Take a look — for ridiculously small amounts of money, I can get a full development environment (shared or dedicated), instantly, just using my credit card. For example, check out the hosting plans on dreamhost.com. They’re currently running a special where for $16 per month, you get 300GB of disk space, 3TB of network bandwidth, and a full, open-source software suite. Apache, PHP4&5, Ruby on Rails, MySQL, FTP server, Chat server, crontab access, full Unix shell, CVS & SVN repositories, and SSL.
$16 per month — set up the instant you press “Process My Order”.
And dreamhost.com isn’t the only place you can do this — there are 1,000′s of hosting companies.
If you needed to prototype anything at work, why would you wait for IT to get you a server and space? Heck, you could probably expense the hosting fee.

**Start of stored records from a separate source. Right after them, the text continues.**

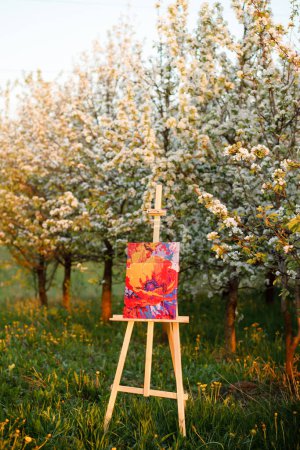 An easel with a picture in a garden with flowering trees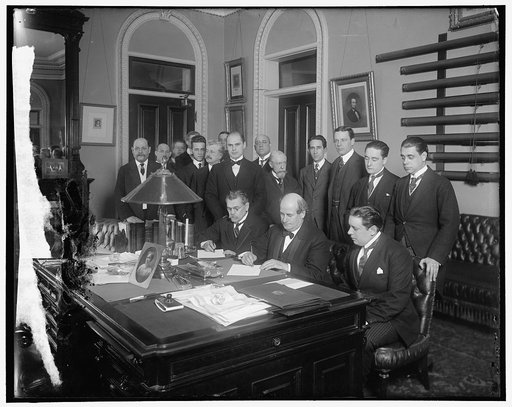 William Jennings Bryan with group at desk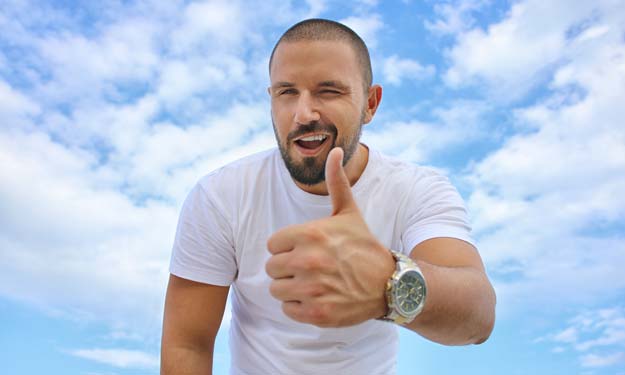 Man Giving the Thumbs Up to His Clean White Tshirt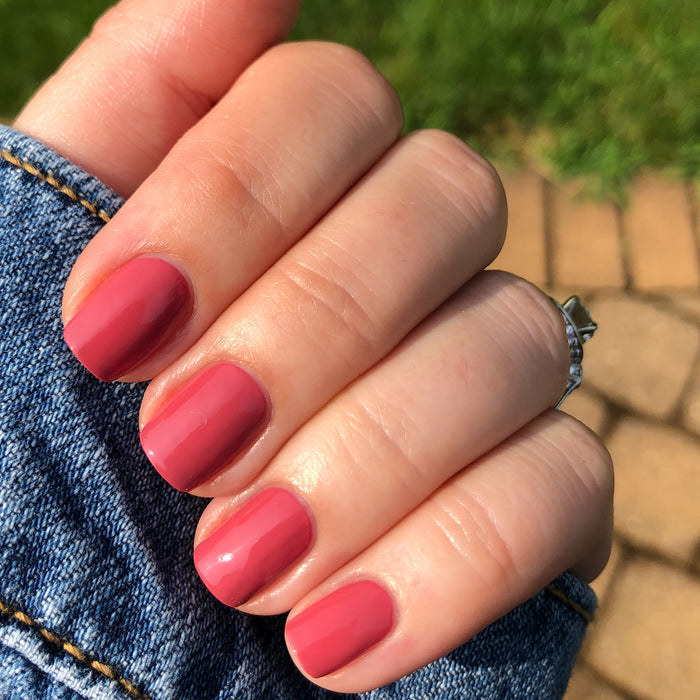 Hand with nails painted in LD rosy pinky rosewood shade for a polished and versatile at-home manicure look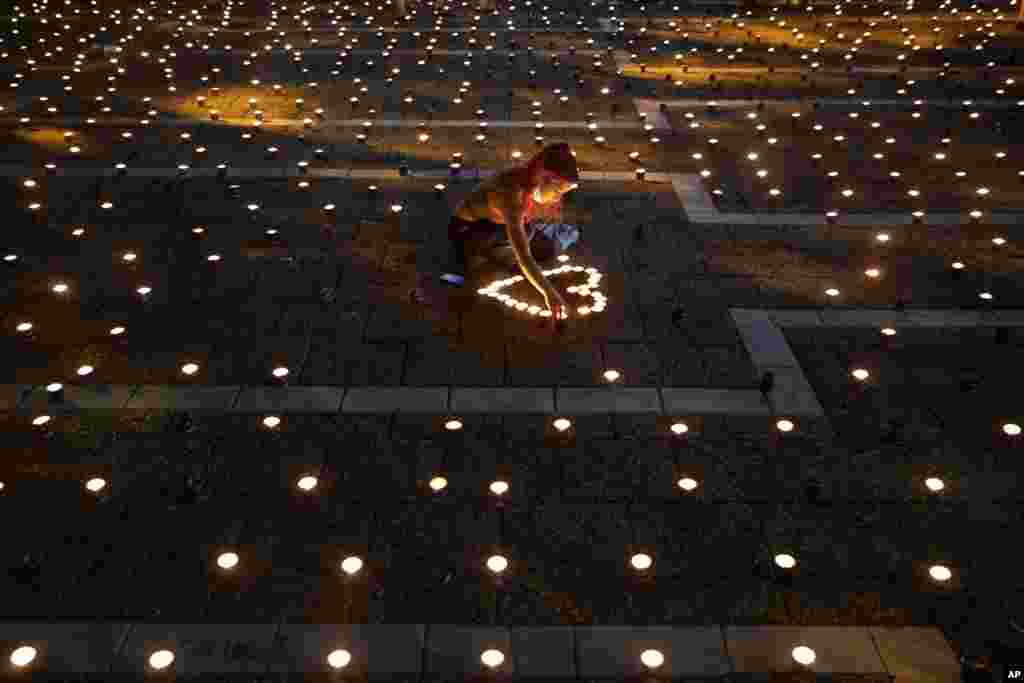A woman lights memorial candles on the 25th anniversary of the assassination of Israeli Prime Minister Yitzhak Rabin, at Rabin Square, Tel Aviv, Israel.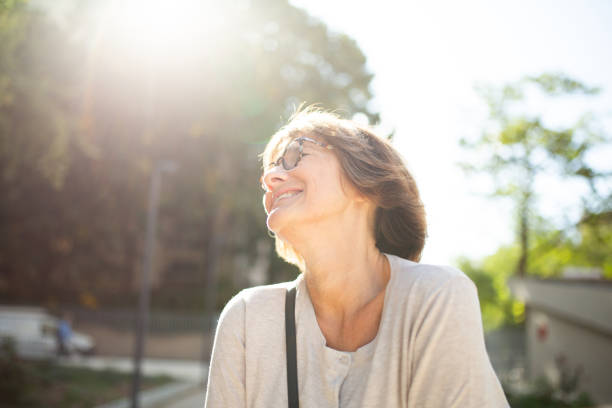 istock Close up older woman with eyeglasses laughing outside 1674014199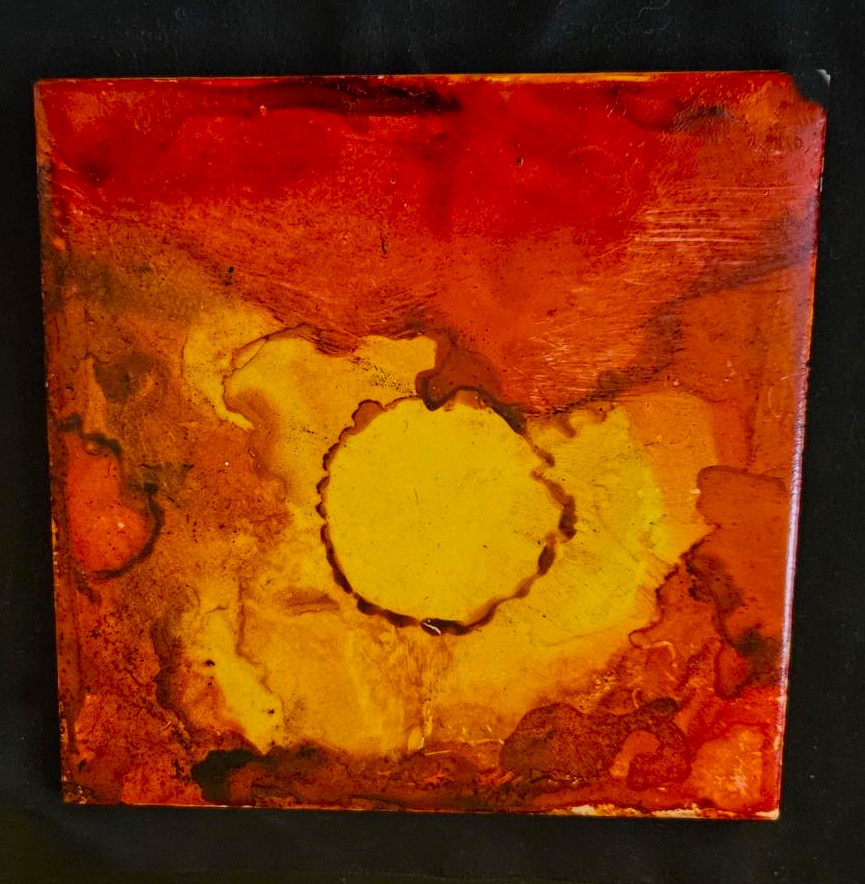 red and orange art produced by alcohol inks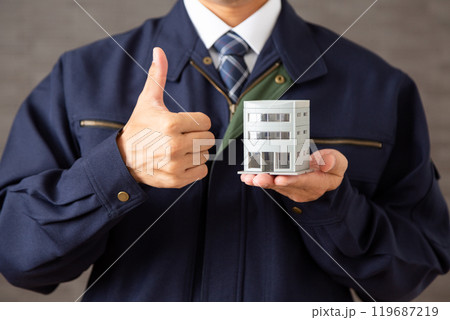 ビルの建築模型を持って親指を立てる作業着姿のミドル男性ビジネスマン 119687219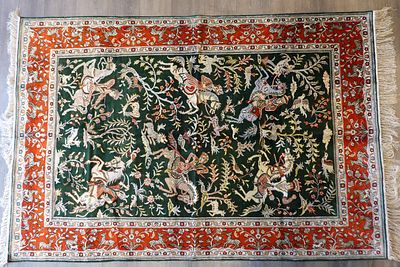 Chinese silk rug.Handmade Chinese silk rug. An impressive painting that includes hunters, wild 
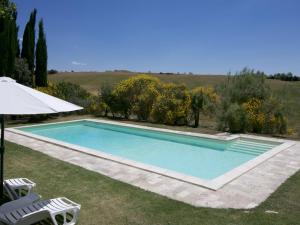 een zwembad met 2 stoelen en een parasol bij Belvilla by OYO Farmhouse in Tuscany with Garden in Castelnuovo Berardenga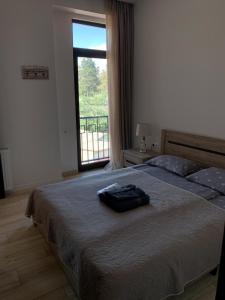 una camera da letto con un grande letto con una grande finestra di SaBa Apartments in Old Tbilisi a Tbilisi City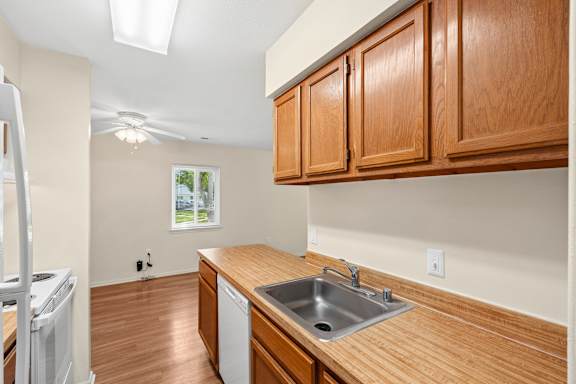 A kitchen with wooden cabinets and a stainless steel sink.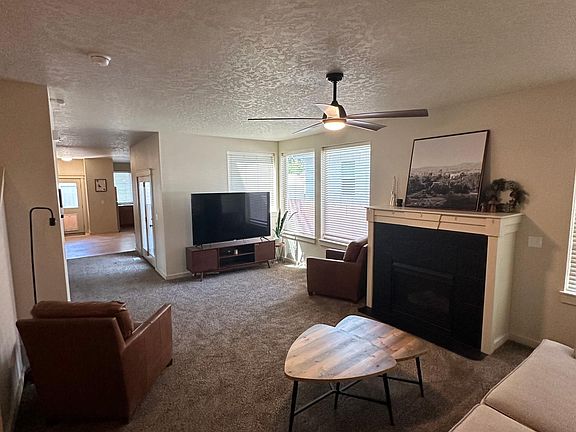 living room down stairs with 70'' TV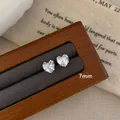 Delicate 7mm heart-shaped cubic zirconia stud earrings in a silver claw setting - Four-Claw Heart Style / 7mm / Clear White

You want to know what’s missing here? Hosted Oracle.
Don’t get me wrong — there are hosted Oracle plans out there. Typical cost? $200-$600 per month. Ridiculous. You mean that someone can’t do a hosting solution based on Oracle XE? Why not?
I found a good presentation on this from the Virginia Oracle User’s Group here. Looks like revion.com is offering Oracle hosting plans for roughly $50 per month.
What are you waiting for?
June 11th, 2007 at 3:51 pm
[...] card number away Filed under: Installation — ebuddelm @ 21:51 A very interesting idea today for the short-lived projects that come up now and then. It is easy nowadays to get some [...]
June 11th, 2007 at 5:08 pm
Hi Dominic,
at http://www.oracle.com/technology/products/database/application_express/html/apex_community.html#HOSTING you will even find more Oracle hosting providers.
Patrick
June 11th, 2007 at 5:38 pm
interesting, very interesting…
June 11th, 2007 at 6:06 pm
“You mean that someone can’t do a hosting solution based on Oracle XE? Why not?”
Mostly because XE is licenced to run one database per server. So if you have a physical chunk of hardware running multiple XE instances (ie through virtualisation) you’ve breached the licence conditions.
June 11th, 2007 at 6:59 pm
You could probably still do one instance with multiple users in it — though you’d be restricted by the memory and data constraints. This other restriction is a pain too:
2. Express Edition may be installed on a multiple CPU server, but may only be executed on one processor in any server;
June 13th, 2007 at 5:29 pm
she’s seeing more and more customers constrained by electrical power lately, rather than CPU or memory or disk.
Yep, power and cooling. Whenever I talk to sys admins and hardware guys, that’s what they seem to be most concerned about.
July 13th, 2007 at 11:44 am
[...] bad to happen and a skepticism of complexity lead to my recent postings on free data and mass market Oracle. I’m concerned about Oracle getting hit at from the low and medium end. (This [...]
June 17th, 2008 at 9:31 am
[...] exactly one year ago, I wrote about the lack of hosted Oracle database packages. Since then I haven’t seen much movement on that front, until last week, when STRATO [...]
July 28th, 2010 at 8:41 am
Hope now-a-days there are many hosting providers for oracle.